Young Aussie actor Xavier Samuel is getting a lot of attention these days, first in the award-winning Aussie horror film “The Loved Ones”, and coming up in the third of the “Twilight” films, “Eclipse”.
The young actor grew up in Darwin, in Australia’s Northern Territory, the son of a teacher. Since graduating from drama school, he has worked professionally in both theatre and film, making an impact on the big screen in Murali K Thalluri’s “2:37”, followed by the film “Angela’s Decision”. He made his feature film debut in the Australian feature film “September,” and also starred in “Newcastle”, directed by Dan Castle, which premiered at the 2008 Tribeca Film Festival.
Samuel stars in the low-budget horror film “The Loved Ones”, where he plays high school senior Brent Mitchell who, in order to avoid a ghostly figure in the road, wraps his car around a tree, killing his father.

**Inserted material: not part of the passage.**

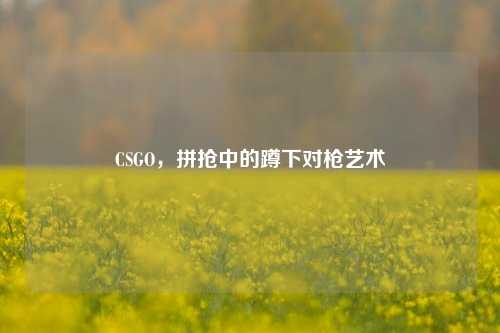 CSGO，拼抢中的蹲下对枪艺术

Constantly confronted by his mother’s emotional collapse after the accident, Brent escapes into a marijuana-fueled world of loud metal music to block the pain and guilt.

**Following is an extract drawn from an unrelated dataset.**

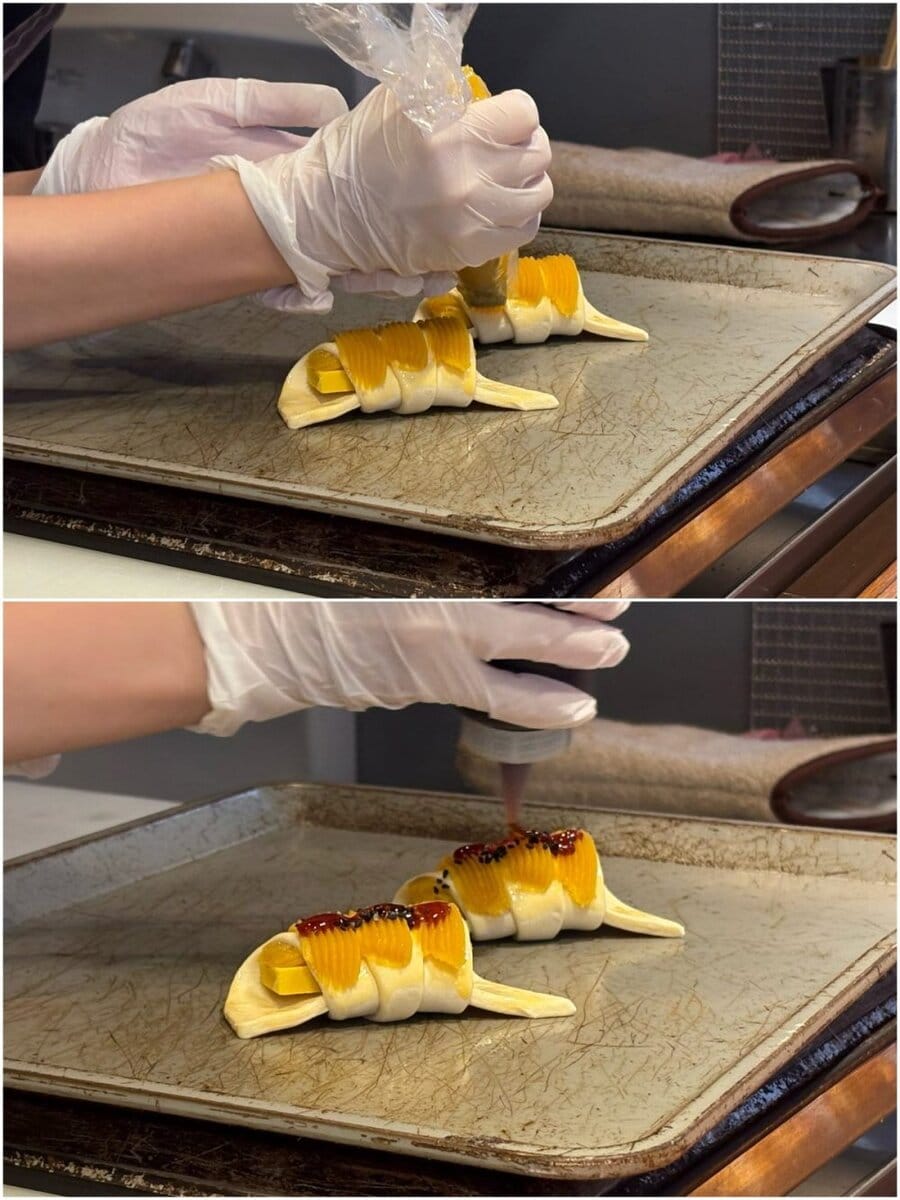 安納芋クリームのほか、ビターカラメルソースや黒ゴマなんかものっかっている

Dejected and out of sorts, he has a shot at happiness with his girlfriend Holly, a grounded, caring girl with drop dead good looks, a dream date for the high school prom. But his plans are thwarted by a disturbing series of events that take place under a mirrored disco ball, involving pink satin, glitter, syringes, nails, power drills and a secret admirer. Brent has become the prom king at a macabre, sadistic event where he is the entertainment.
The film just won the inaugural People’s Choice Award in Midnight Madness at the Toronto Film Festival. Samuel will also appear in next year’s third installment of the Twilight franchise, Eclipse. In this exclusive interview at the Toronto Film Festival, Samuel talked extensively about both films and what he can expect from those inevitable “Twilight” fans.
Question: How did The Loved Ones get to you?
Samuel: Well, I was sent the script.
Question: In Australia?
Samuel: In Australia, yeah. Well, actually, I think I was in Los Angeles when I put it down on tape and sent it back. And as is always the case, you kind of send these things out into the ether, and you rarely hear back on anything like that. But I auditioned for it for Sean and when I read it, I was kind of struck by how unusual it was. It’s kind of like peering into some sort of grotesque doll’s house, or something. One of the things that I didn’t pick up while reading it was how funny it is and I only kind of got that when I watched it for the first time at the Melbourne Film Festival. I was kind of struck by the comic aspect of it, which kind of operates like this pressure cooker, you know? Like, it builds up and then it releases, and then it builds up again.
Question: Was this a character you could easily identify with?
Samuel: In some ways. I think you’ve got to find a little bit of yourself in what you choose to play. He’s – Brent’s quite an introspective sort of individual, and I guess I could identify with that aspect of him. But he’s also – you know, incredibly grief-stricken, which is something that I haven’t experienced to the fullest extent that he had. And – yeah. And also, like, the – it’s hard to prepare for the horror element, because I have no frame of reference whatsoever. I’ve never been tortured, unfortunately. Or, fortunately, I should say. [LAUGHTER]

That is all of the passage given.